This design is Very similar to the Poppin hot air engine I built. I am no expert, but I will share a few pointers.
First, these engines are quite low power, so Anything you can do to make them spin freely is benifical!
I see a drip oiler on this unit, some use mineral oil or similar...but I have found dry graphite to work better IMHO...if there is old burnt oil residue inside the cyl it "could" be part of the problem. I might suggest removing the head and piston and give a good cleaning, then I lube the bore and piston with pencil graphite, I like pencil because you can "color" the bore verse graphite powder sometimes has larger particles that can be a problem...really high grade graphite is finer than bread flour with no large particles and if you have that, then fine to use. Next reinstall piston and spin the flywheel, it should coast several times around with no head to make compression...if it does not? Investigate why.
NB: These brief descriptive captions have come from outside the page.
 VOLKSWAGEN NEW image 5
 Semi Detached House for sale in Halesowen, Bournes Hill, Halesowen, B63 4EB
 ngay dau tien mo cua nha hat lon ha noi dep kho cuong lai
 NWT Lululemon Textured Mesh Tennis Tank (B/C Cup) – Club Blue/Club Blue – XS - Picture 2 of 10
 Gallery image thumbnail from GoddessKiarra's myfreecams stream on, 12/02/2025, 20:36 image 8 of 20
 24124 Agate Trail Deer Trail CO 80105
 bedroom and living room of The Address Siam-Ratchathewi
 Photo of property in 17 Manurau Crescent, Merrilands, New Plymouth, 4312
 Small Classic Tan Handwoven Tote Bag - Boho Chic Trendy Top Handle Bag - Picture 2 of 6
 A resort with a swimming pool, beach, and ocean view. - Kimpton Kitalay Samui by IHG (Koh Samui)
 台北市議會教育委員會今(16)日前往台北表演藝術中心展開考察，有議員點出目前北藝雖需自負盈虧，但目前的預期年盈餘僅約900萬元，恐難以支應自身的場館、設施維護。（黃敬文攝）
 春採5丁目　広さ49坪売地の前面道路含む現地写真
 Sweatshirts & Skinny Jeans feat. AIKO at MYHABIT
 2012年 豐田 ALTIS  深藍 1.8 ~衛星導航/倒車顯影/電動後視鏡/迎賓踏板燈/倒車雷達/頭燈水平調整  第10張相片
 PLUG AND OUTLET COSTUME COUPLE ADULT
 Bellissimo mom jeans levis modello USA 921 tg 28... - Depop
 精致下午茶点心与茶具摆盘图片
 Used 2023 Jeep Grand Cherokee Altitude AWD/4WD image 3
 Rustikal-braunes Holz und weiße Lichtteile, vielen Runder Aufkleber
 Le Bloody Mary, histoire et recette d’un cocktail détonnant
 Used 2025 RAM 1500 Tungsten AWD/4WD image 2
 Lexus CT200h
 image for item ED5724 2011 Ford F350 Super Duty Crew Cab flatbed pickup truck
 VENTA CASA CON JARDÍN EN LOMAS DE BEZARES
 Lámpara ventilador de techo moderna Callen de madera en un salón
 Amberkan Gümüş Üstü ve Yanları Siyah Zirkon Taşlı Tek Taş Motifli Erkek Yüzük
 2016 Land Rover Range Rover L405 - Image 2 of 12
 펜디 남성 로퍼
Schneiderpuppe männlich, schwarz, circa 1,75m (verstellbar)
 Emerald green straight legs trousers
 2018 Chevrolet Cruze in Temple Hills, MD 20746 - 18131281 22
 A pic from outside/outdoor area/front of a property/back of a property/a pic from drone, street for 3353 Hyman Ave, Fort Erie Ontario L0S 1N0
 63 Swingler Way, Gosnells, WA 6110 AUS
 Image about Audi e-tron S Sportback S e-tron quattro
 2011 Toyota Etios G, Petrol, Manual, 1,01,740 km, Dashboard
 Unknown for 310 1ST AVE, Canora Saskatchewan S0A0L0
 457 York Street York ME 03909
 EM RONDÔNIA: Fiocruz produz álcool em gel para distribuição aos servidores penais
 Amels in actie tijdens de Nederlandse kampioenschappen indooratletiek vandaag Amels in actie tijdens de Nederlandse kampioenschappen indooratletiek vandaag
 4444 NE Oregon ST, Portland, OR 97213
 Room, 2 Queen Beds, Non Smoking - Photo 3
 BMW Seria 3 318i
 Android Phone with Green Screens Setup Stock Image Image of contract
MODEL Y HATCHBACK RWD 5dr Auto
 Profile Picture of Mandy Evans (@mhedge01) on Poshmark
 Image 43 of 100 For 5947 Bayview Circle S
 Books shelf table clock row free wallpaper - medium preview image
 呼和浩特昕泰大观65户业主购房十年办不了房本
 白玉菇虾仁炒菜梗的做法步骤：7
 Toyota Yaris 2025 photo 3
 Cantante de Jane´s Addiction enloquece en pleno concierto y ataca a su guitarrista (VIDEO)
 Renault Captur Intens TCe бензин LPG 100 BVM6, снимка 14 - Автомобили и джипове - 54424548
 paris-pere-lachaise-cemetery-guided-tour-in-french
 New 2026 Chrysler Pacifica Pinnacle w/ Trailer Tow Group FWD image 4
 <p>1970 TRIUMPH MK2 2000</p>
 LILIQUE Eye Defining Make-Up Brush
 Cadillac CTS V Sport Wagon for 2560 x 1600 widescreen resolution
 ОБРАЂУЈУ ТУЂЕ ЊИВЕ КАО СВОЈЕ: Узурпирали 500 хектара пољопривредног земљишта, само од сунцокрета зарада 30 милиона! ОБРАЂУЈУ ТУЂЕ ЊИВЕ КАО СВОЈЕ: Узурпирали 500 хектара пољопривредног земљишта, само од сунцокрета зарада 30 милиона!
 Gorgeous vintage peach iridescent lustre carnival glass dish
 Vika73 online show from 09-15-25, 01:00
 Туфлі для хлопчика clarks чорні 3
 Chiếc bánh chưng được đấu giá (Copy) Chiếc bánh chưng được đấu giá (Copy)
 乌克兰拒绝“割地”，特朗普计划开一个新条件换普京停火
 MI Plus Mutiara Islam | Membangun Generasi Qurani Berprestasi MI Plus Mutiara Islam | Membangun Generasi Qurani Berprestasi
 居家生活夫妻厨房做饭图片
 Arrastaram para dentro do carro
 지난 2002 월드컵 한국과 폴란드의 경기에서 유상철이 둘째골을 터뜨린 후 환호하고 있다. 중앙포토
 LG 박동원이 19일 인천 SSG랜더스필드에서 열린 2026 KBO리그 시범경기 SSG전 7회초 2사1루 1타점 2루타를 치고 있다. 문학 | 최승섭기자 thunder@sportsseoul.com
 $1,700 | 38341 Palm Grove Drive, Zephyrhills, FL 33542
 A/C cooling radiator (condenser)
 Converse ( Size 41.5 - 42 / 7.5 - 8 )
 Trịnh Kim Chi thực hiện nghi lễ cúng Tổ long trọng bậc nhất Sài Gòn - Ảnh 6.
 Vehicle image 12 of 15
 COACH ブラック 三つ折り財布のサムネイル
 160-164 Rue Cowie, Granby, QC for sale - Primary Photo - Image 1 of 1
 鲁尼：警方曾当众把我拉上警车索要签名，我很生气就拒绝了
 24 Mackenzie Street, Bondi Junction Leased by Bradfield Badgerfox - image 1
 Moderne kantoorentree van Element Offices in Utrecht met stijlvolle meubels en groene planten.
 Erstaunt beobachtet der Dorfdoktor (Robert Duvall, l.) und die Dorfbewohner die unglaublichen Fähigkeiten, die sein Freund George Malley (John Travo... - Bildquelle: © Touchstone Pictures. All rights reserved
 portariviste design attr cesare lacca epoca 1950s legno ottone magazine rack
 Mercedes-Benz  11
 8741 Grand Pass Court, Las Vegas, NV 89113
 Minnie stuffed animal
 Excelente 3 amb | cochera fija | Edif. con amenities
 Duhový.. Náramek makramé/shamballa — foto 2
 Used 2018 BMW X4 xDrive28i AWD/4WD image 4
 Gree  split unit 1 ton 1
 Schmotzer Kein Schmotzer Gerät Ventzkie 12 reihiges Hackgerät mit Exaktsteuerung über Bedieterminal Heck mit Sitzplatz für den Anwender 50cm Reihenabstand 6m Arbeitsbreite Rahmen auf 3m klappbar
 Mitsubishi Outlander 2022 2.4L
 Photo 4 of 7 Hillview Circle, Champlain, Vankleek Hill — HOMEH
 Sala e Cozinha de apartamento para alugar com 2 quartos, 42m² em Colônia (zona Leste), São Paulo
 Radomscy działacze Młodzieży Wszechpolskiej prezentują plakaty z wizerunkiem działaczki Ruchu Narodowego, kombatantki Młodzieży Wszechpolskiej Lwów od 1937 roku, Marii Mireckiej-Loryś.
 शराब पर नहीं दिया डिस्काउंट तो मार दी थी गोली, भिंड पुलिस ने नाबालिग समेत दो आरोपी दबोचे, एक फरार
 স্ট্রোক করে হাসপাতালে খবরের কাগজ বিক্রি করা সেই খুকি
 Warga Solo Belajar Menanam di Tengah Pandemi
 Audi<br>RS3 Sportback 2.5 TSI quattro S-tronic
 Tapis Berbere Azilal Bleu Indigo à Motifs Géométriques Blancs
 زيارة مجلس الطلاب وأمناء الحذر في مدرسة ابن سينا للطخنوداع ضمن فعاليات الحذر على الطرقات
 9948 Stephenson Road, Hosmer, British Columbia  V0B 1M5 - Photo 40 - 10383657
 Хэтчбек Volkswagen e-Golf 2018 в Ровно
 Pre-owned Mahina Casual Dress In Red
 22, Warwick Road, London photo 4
If all is well, clean and install head.
Perhaps stone or Flat polish the valve you made on fine sandpaper and flat surface, (side that touches head)the polish will remove burrs and high spots and the polish marks will tell you if it really is flat. Also inspect the head where the valve rubs and flat polish on fine sandpaper if needed.
There probably is some adjustment on the jam nuts that hold the slide valve on, the slide valve should have light spring tension but not so much as to pull the valve away from the head on one side. It must sit flat and seal.
If you get this far, check that the valve is completely uncover the hole on down stroke and completely cover the hole on the up stroke.
Oil the crank and piston wrist pin, now completely assembled you should feel a bit of compression or vacuum resistance when spinning the flywheel by hand if your valve is working and the timing is correct.
Try it with 100% Alcohol if you can get it? Rubbing alcohol contains water and you don't really want water in your bore.
Let's us know how it goes? If the engine try's a little but still does not run, perhaps you could post a video and we can offer more suggestions...good luck!... Little improvements count here
PS: I find thinner valve stock is best, these slide valves do leak some and so the engine runs on vacuum but a leaky slide valve may let in enough (cool) air that the engine makes a little compression near the top dead center if to much air got in cyl....the thin valve stock can flex away from head to release any positive pressure but snap back to seal for vacuum air next cycle. We want only very hot and very dry air to be drawn in when the valve is open, then as little leaking as possible when the valve covers the hole.